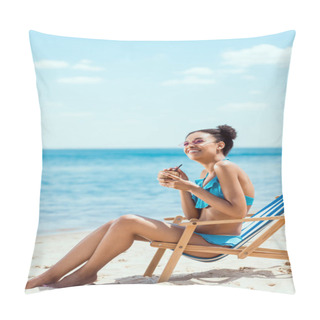 Personality  Smiling African American Woman In Bikini And Sunglasses Drinking Cocktail In Coconut Shell While Sitting On Deck Chair In Front Of Sea  Pillow Covers
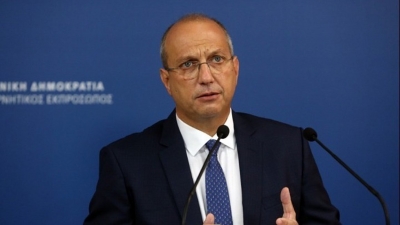 Οικονόμου: Ευθυγραμμισμένη με τις αποφάσεις ΕΕ, ΝΑΤΟ η αποστολή όπλων στην Ουκρανία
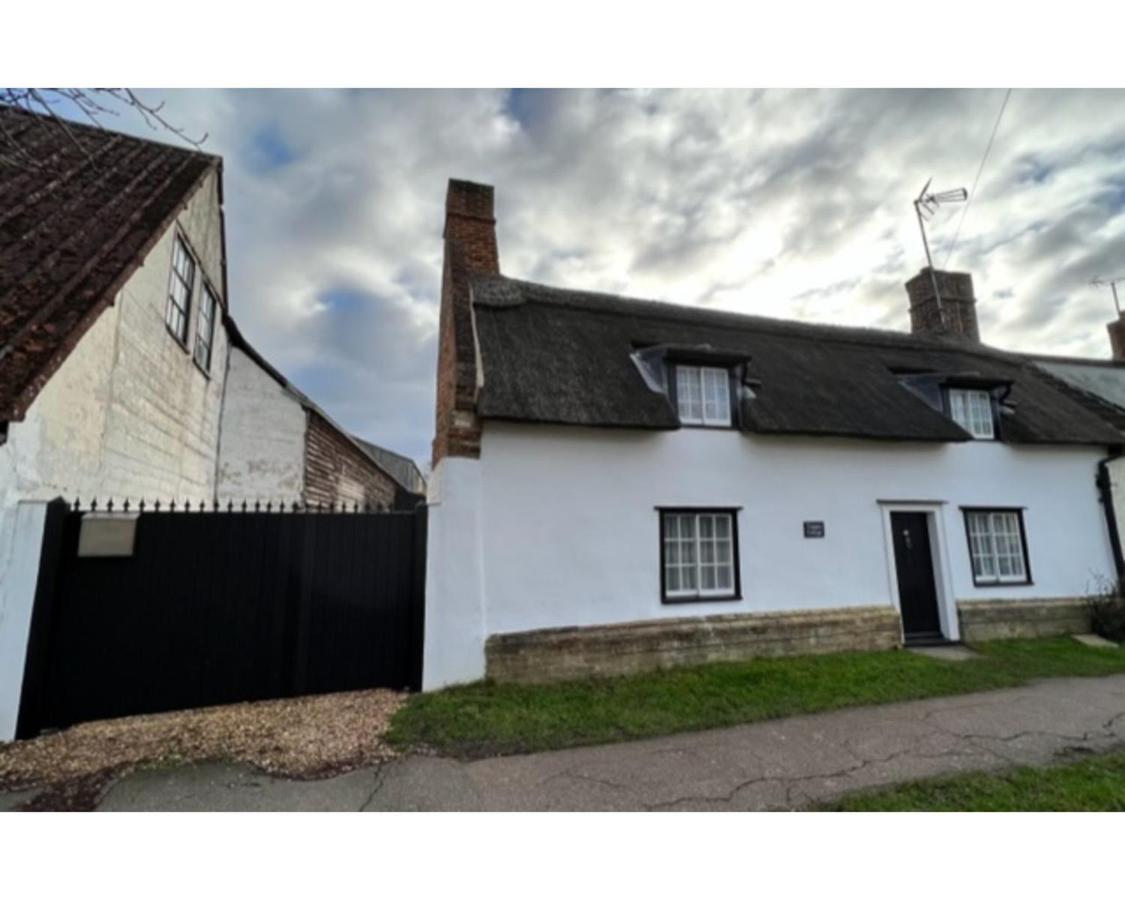 Two Storey Annex Cottenham Extérieur photo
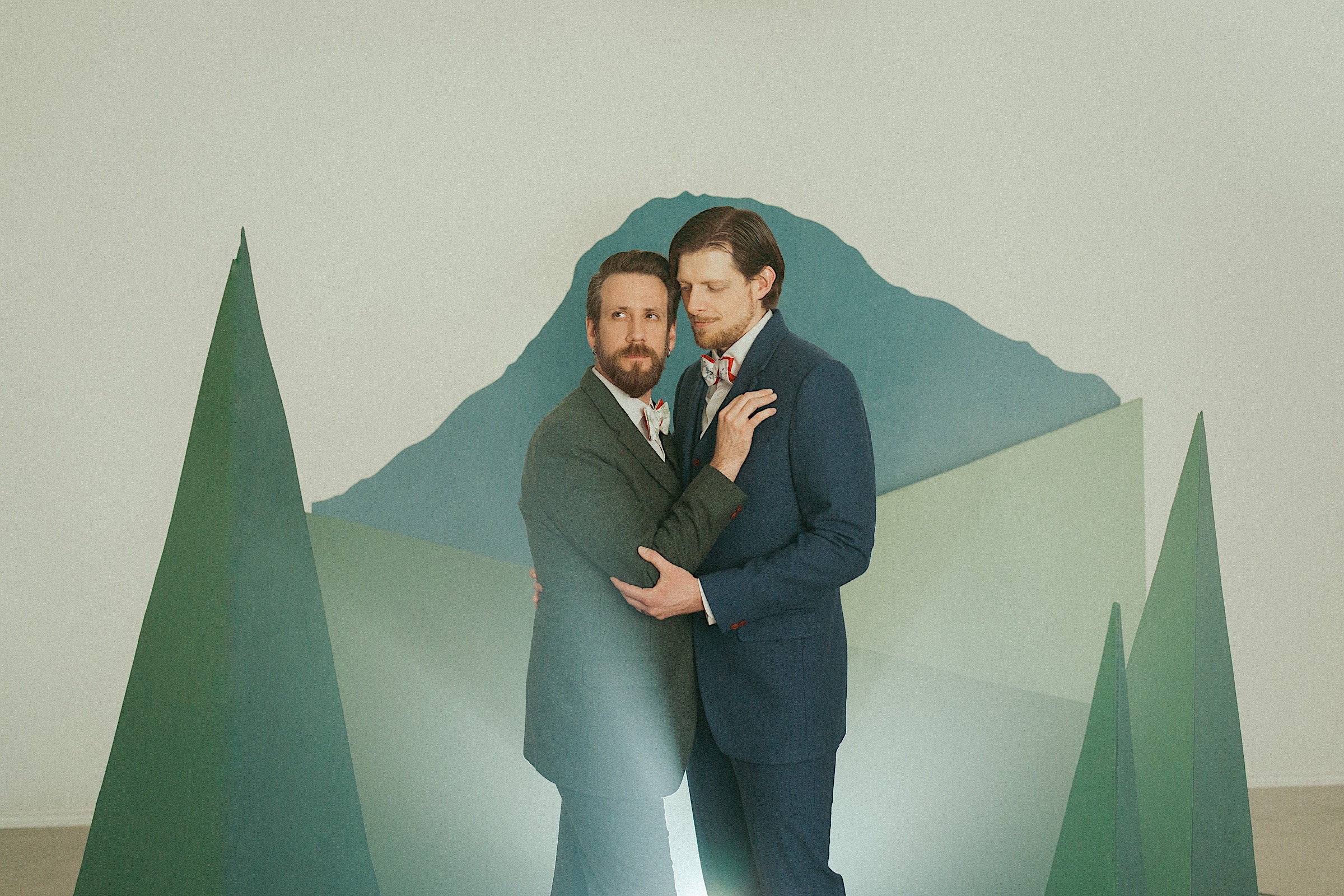 foggy-mountain-in-pnw-lgbtq-elopement-gay-wedding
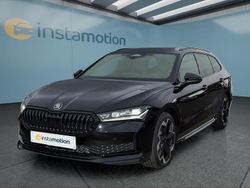 Schwarz Neu 2025 Skoda Superb Kombi | 53.699 € (Teuer)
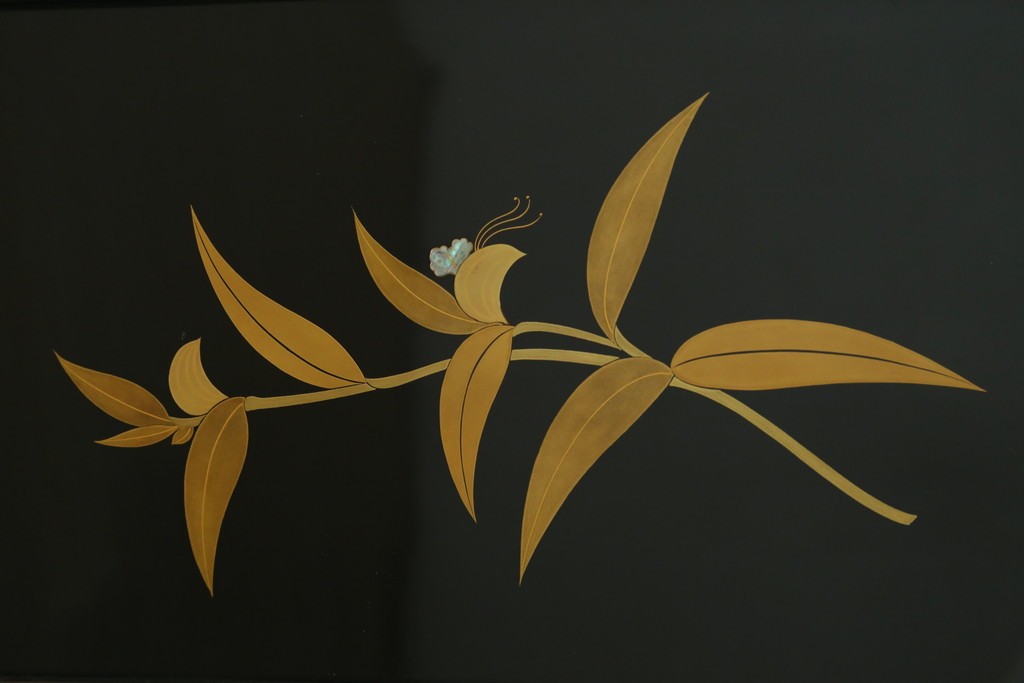 和製ヴィンテージ　漆芸家・東端真筰作　椿露草　蒔絵の繊細な美しさが感じられる漆塗りの飾り棚　定価約400万円　(R-079449)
○ ○ ○ ○
### Directions
All of the data needs repeating exactly, but the pictures do not.

### Result for this task
 Personality  Smiling African American Woman In Bikini And Sunglasses Drinking Cocktail In Coconut Shell While Sitting On Deck Chair In Front Of Sea  Pillow Covers
 Οικονόμου: Ευθυγραμμισμένη με τις αποφάσεις ΕΕ, ΝΑΤΟ η αποστολή όπλων στην Ουκρανία
 Two Storey Annex Cottenham Extérieur photo
 foggy-mountain-in-pnw-lgbtq-elopement-gay-wedding
 Schwarz Neu 2025 Skoda Superb Kombi | 53.699 € (Teuer)
 和製ヴィンテージ　漆芸家・東端真筰作　椿露草　蒔絵の繊細な美しさが感じられる漆塗りの飾り棚　定価約400万円　(R-079449)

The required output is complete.